Potentially oncogenic B-cell activation–induced smaller isoforms of FOXP1 are highly expressed in the activated B cell–like subtype of DLBCL

Philip J. Brown1, Sally L. Ashe1, Ellen Leich2, Christof Burek2, Sharon Barrans3, James A. Fenton3, Andrew S. Jack3, Karen Pulford1, Andreas Rosenwald2, and Alison H. Banham1

1 Nuffield Department of Clinical Laboratory Sciences, University of Oxford, John Radcliffe Hospital, Oxford, United Kingdom; 2 Institute of Pathology, University of Würzburg, Würzburg, Germany; and 3 Haematological Malignancy Diagnostic Service (HMDS), Leeds General Infirmary, Leeds, United Kingdom

The FOXP1 forkhead transcription factor is targeted by recurrent chromosome translocations in several subtypes of B-cell non-Hodgkin lymphomas, where high-level FOXP1 protein expression has been linked to a poor prognosis.

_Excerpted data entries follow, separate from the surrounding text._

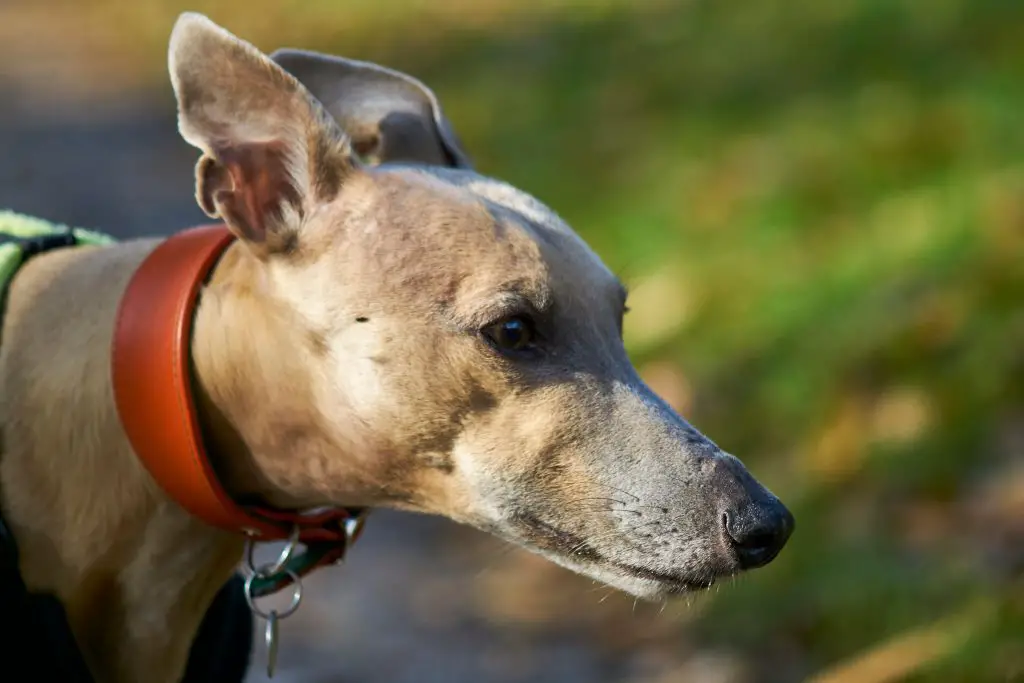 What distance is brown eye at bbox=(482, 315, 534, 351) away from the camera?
2545 mm

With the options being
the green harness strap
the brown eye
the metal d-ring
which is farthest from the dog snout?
the green harness strap

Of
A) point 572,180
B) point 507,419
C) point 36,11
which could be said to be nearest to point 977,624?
point 507,419

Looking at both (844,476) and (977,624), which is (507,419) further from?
(844,476)

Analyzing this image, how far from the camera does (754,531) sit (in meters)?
2.50

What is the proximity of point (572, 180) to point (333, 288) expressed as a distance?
18.3 ft

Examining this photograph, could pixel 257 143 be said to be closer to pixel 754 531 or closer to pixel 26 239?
pixel 26 239

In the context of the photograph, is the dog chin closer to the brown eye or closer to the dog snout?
the dog snout

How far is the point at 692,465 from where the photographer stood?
254cm

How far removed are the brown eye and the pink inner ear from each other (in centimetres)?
49

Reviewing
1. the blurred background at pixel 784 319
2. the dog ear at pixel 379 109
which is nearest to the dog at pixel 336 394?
the dog ear at pixel 379 109

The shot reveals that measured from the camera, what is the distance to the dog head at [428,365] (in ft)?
8.31

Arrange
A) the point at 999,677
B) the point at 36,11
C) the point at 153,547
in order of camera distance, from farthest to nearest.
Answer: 1. the point at 36,11
2. the point at 999,677
3. the point at 153,547

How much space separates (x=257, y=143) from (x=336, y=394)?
0.53m

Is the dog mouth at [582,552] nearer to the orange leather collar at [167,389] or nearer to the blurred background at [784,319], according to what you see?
the orange leather collar at [167,389] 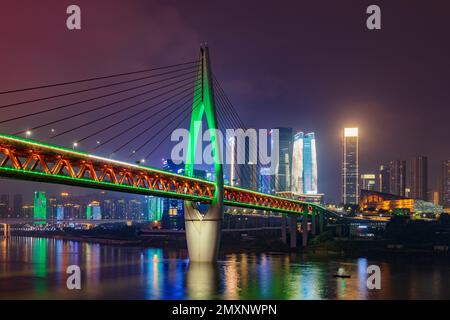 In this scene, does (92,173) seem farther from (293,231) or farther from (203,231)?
(293,231)

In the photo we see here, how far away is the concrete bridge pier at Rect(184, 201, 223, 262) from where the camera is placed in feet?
229

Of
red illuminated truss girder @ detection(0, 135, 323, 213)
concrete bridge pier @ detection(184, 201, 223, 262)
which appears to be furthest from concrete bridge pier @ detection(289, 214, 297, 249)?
concrete bridge pier @ detection(184, 201, 223, 262)

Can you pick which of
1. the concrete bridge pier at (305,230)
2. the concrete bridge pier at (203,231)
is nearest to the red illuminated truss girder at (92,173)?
the concrete bridge pier at (203,231)

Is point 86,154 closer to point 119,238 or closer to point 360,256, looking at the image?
point 360,256

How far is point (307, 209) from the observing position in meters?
118

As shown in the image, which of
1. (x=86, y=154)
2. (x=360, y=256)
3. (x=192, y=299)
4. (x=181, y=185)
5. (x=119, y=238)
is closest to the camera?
(x=192, y=299)

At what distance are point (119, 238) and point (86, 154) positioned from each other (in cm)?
12258

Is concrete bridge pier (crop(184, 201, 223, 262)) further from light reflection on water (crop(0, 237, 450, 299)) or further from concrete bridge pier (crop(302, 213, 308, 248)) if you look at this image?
concrete bridge pier (crop(302, 213, 308, 248))

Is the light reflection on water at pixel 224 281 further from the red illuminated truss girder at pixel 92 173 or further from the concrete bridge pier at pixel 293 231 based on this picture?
the concrete bridge pier at pixel 293 231

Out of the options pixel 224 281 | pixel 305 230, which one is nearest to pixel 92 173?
pixel 224 281

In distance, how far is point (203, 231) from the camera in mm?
70000

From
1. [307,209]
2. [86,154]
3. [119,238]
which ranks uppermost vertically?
[86,154] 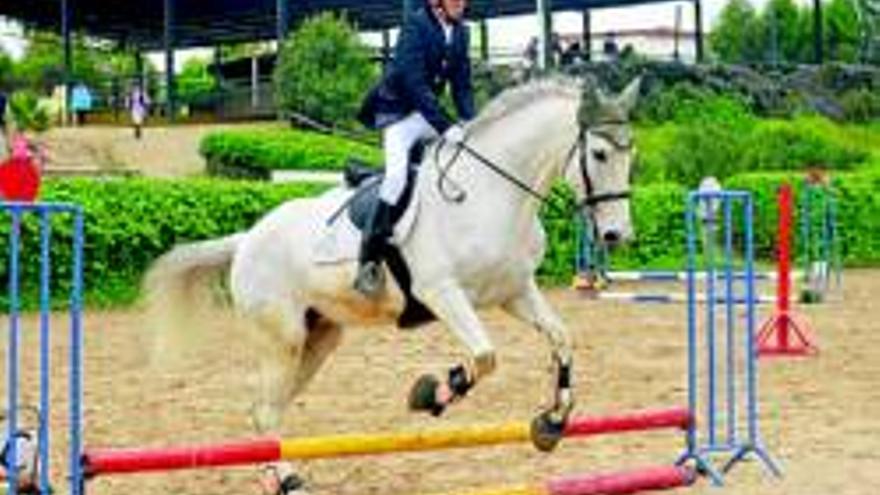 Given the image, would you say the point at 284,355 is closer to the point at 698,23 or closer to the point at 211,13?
the point at 698,23

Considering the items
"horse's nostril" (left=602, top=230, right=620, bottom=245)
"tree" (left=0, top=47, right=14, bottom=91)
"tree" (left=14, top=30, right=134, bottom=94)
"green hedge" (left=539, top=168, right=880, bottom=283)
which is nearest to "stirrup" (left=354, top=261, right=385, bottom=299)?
"horse's nostril" (left=602, top=230, right=620, bottom=245)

Western blotting studies of diffuse large B-cell lymphoma (DLBCL) cell lines unexpectedly identified the atypical high-level expression of 2 smaller, 60 to 65 kDa, FOXP1 isoforms in all 5 of those with the activated B cell (ABC)–like DLBCL subtype and in a subgroup of primary DLBCL. The anti-FOXP1 (JC12) monoclonal antibody cannot distinguish FOXP1 isoforms by immunohistochemistry, a finding that may be clinically relevant as high-level expression of the full-length FOXP1 protein was observed in some germinal center–derived DLBCLs. ABC-like DLBCL-derived cell lines were observed to express 2 novel, alternatively spliced FOXP1 mRNA isoforms, encoding N-terminally truncated proteins. These transcripts and the smaller protein isoforms were induced as a consequence of normal B-cell activation, which thus represents an additional mechanism for up-regulating FOXP1 expression in lymphomas. The expression of potentially oncogenic smaller FOXP1 isoforms may resolve the previously contradictory findings that FOXP1 represents a favorable prognostic marker in breast cancer and an adverse risk factor in B-cell lymphomas.